I don’t have any firmly held opinions on for-profit schools since I never attended one. My impression, however, is that many of them do a disservice to their students by taking in most anyone with the money to pay for it, then passing them through to graduation despite knowing full well that their career chances are iffy at best.
It’s been a long time, but I attended a large state university’s design program. There was a required portfolio review before entering the program, and it was my understanding that most were not accepted. There were about 40 students in the program on that first day. By the end of the first year, that number was reduced by, probably, half due to students quitting. At the end of that first year there was another portfolio review that cut the number allowed to move on to the second year by another half. At the finish of the four-year program only five of us graduated. As far as I know, only three of us are still working professionally in the field.
As you mentioned PD, a due date was inflexible and missing it resulted in an automatic fail. No one got to pick their own assignments. Last-minute assignments which due the next day were common, even when it obviously meant staying up all night to finish the work. It was a rough year.
Later on, when I went back for my graduate work, I actually got to teach one of those first-year design courses. I was told to be very tough since failing to do so would just waste students’ time and money who were unlikely to make it professionally. Washing those students out of the program who probably couldn’t make it was regarded as doing them a favor.
One thing my university’s program failed at, however, was a realistic approach to the profession. The classes, for the most part, were taught by academics who approached design as a fine art instead of a business-oriented endeavor. After graduation, it took some time to unindoctrinate myself from that point of view, which was probably just as tough of an education as the previous four years in school.
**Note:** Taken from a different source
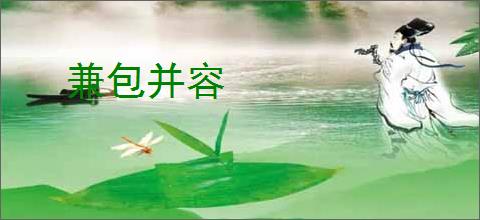 兼包并容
As I’ve mentioned before, where I work now we don’t consider design applicants without four-year degrees in design or closely related subjects. We’ll look at applicants who graduated from the four-year, for-profit schools, but honestly, very few of them make the cut to an in-person interview. There are exceptions, of course, but a quick glance through the portfolio pieces submitted as part of the application process quickly eliminates most. I can’t remember of an online-only school graduate ever making it into an interview with us. I’m not saying it couldn’t happen, but it hasn’t yet.